Monitoring with PowerShell: Monitoring system temperatures

This blog was requested by one of the partners I work with. At times, you want to monitor the device temperatures and fan settings; you don’t want a machine to be constantly making noise because it’s having a hard time cooling down. While I’m not really one of the engineers that firmly believes in a high impact of temperature on normal workstations I can understand the annoyance the extra noise brings.
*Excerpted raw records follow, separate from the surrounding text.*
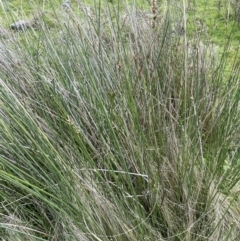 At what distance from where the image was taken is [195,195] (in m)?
1.31

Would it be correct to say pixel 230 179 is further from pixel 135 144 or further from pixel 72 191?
pixel 72 191

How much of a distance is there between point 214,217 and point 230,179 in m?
0.16

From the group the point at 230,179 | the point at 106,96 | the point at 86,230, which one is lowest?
the point at 230,179

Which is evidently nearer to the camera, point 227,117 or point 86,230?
point 86,230

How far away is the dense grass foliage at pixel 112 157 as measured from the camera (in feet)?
3.87

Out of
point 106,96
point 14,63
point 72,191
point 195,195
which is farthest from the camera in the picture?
point 14,63

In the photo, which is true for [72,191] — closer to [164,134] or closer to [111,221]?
[111,221]

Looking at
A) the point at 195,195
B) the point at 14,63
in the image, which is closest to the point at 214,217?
the point at 195,195

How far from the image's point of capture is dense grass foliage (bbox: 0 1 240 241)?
1180mm

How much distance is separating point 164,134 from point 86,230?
40 centimetres

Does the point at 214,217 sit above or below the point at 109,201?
below

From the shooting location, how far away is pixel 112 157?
4.17ft

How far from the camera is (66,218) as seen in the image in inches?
46.4

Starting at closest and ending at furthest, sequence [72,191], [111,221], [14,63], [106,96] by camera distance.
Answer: [72,191], [111,221], [106,96], [14,63] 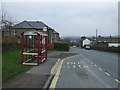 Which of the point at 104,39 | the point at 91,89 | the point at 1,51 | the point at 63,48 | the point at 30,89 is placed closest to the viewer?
the point at 30,89

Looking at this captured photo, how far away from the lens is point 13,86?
7719mm

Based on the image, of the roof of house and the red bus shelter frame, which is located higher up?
the roof of house

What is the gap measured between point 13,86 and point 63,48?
43261 mm

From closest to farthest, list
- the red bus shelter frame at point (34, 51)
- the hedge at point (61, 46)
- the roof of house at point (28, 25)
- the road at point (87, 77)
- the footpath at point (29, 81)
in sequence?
the footpath at point (29, 81)
the road at point (87, 77)
the red bus shelter frame at point (34, 51)
the hedge at point (61, 46)
the roof of house at point (28, 25)

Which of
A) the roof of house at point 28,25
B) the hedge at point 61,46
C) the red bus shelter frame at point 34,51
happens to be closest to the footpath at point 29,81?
the red bus shelter frame at point 34,51

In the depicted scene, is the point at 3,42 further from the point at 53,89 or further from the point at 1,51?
the point at 53,89

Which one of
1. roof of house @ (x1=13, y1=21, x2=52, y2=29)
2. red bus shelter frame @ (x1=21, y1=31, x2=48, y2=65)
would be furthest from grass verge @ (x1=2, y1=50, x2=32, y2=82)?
roof of house @ (x1=13, y1=21, x2=52, y2=29)

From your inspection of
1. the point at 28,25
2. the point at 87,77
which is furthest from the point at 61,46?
the point at 87,77

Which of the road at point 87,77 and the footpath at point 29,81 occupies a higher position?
the footpath at point 29,81

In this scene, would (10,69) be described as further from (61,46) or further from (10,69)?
(61,46)

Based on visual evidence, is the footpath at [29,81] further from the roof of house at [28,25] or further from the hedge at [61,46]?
the roof of house at [28,25]

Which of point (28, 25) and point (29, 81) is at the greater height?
point (28, 25)

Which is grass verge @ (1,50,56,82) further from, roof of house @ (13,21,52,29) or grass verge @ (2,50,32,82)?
roof of house @ (13,21,52,29)

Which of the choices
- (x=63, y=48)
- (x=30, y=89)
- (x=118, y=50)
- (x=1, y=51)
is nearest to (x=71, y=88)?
(x=30, y=89) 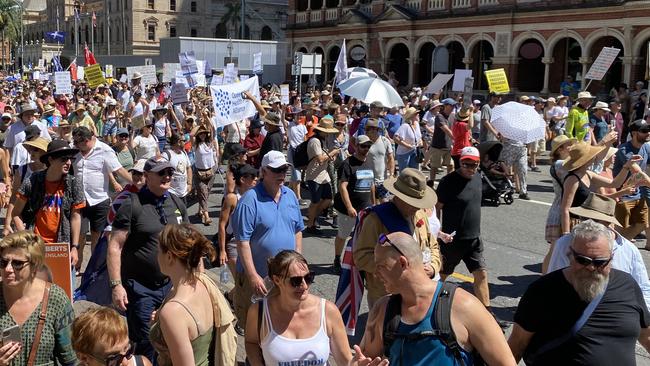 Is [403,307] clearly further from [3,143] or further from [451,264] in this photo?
[3,143]

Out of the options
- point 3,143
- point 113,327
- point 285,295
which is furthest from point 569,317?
point 3,143

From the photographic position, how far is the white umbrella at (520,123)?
39.7ft

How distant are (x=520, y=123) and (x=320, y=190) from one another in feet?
13.2

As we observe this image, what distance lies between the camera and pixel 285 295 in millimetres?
3619

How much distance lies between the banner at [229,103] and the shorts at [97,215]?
16.2 ft

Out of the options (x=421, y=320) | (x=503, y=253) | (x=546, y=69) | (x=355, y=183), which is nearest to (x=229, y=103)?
(x=355, y=183)

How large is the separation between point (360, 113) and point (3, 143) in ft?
22.0

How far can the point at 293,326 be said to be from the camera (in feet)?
11.8

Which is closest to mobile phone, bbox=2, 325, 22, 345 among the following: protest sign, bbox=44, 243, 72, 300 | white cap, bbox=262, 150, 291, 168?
protest sign, bbox=44, 243, 72, 300

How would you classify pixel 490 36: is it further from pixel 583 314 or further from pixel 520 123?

To monitor this, we’re using WMI/CIM. Unfortunately, not all manufacturers publish this information to WMI. If the script fails with “Could not get CPU temperature. Your manufacturer might not support this.” Then this is the case. You’ll be able to use external tools to get the temperature then.

try {
    $t = Get-CimInstance MSAcpi_ThermalZoneTemperature -Namespace "root/wmi" -ErrorAction Stop | Where-Object -Property instancename -EQ "ACPI\ThermalZone\TZ01_0" | Select-object -first 1
    $currentTempKelvin = $t.CurrentTemperature / 10
    $currentTempCelsius = $currentTempKelvin - 273.15
    $currentTempCelsius.ToString() + "°C"
}
Catch {
    Write-Host "Could not get CPU temperature. Your manafacturer might not support this."
}

And that’s it! as always, Happy PowerShelling!